[Image courtesy of standupandspeakto.us]
Today’s Election Data Dispatch from Pew examines the recent statement by South Carolina state election director Marci Andino about allegations of “deceased voters” possibly casting ballots in the Palmetto State.
Andino’s remarks came in testimony before the House Election Laws Subcommittee, and focused on a sample of six voters (out of more than 900 on the overall list) provided to her office by the Attorney General’s office.
Using those six names, the state election office was able to determine the following (from Andino’s statement):
- +One was an absentee ballot cast by a voter who then died before election day;
- +Another was the result of an error by a poll worker who mistakenly marked the voter as Samuel Ferguson, Jr. when the voter was in fact Samuel Ferguson, III;
- +Two were the result of stray marks on the voter registration list detected by the scanner – again, a clerical error;
- +The final two were the result of poll managers incorrectly marking the name of the voter in question instead of the voter listed either above or below on the list.
In short, only one of the six voters examined is actually dead – and that voter was a valid voter when his or her ballot was cast.
These findings suggest that voter data can be very messy given the intensely human nature of voting and the increasing role of technology in the process.
Nevertheless, while the analysis is not conclusive as to the validity of all of the votes cast by purportedly dead voters, it certainly suggests that the number of fraudulent votes cast in the name of the departed is somewhere south of the full list of 900.

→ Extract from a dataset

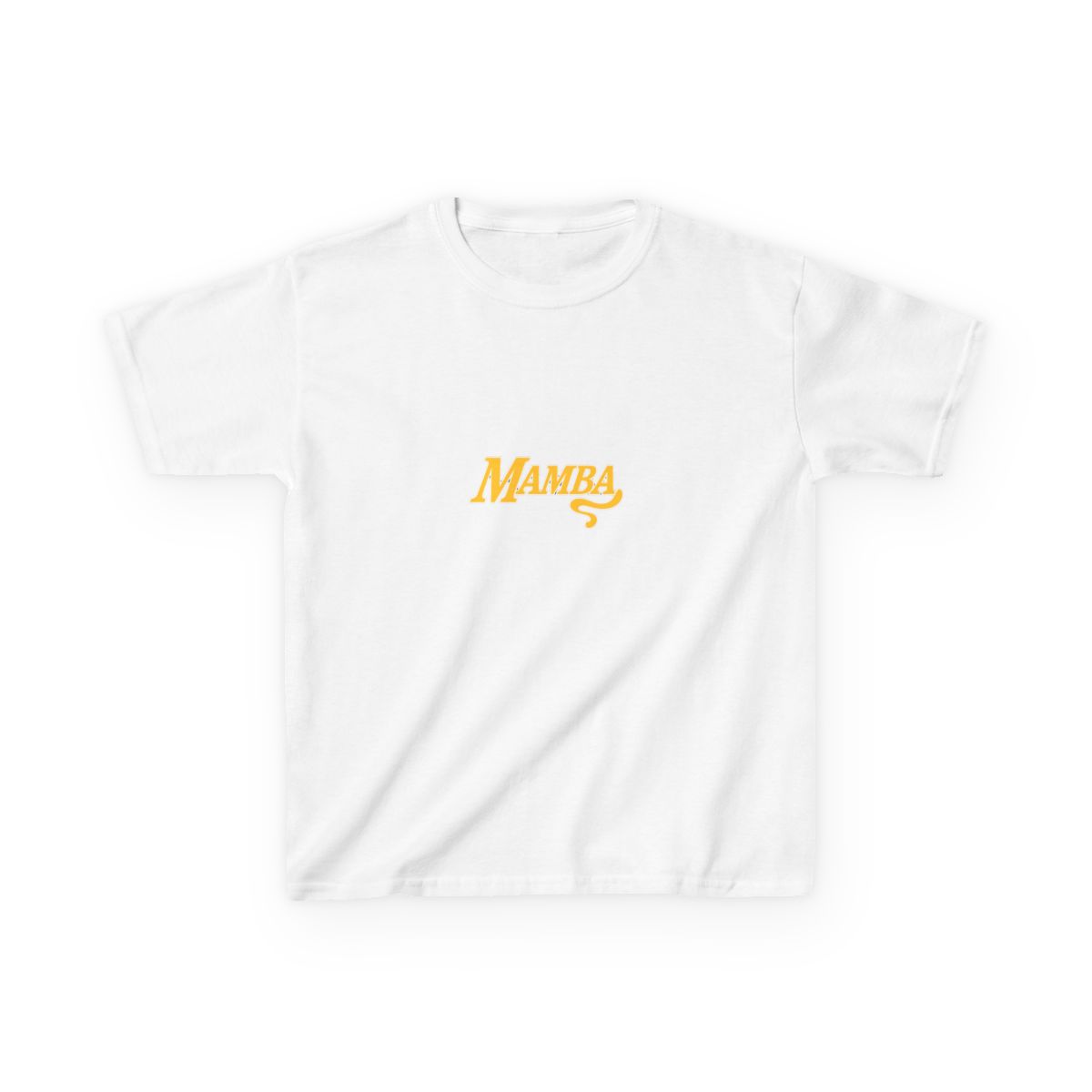 Kobe Bryant Black Mamba Mentality T-Shirt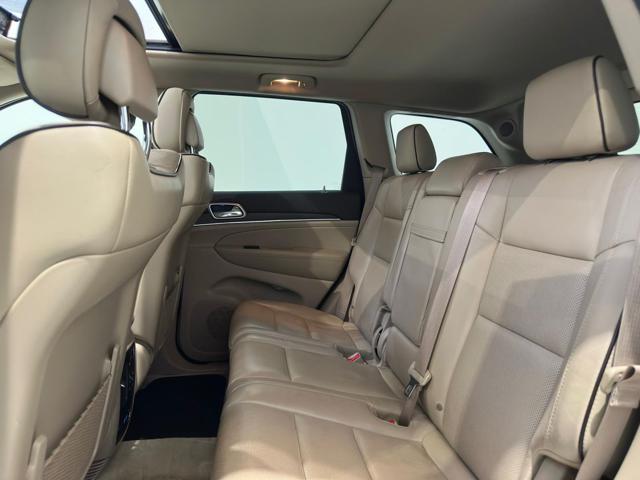 JEEP Grand Cherokee usata, con Cruise Control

In the aftermath of Andino’s testimony, two major issues remain:
- Whether the State Election Commission will get access to the full list of names being investigated by the Attorney General and the State Law Enforcement Commission; and
- What impact the emerging uncertainty about the data will have on South Carolina’s continued efforts – including a lawsuit – to overcome the U.S. Justice Department’s objection to its new photo voter ID law.
In short, the data has already begun to speak in South Carolina; what remains is to discover if it will be allowed to finish – and if so if anyone will be listening.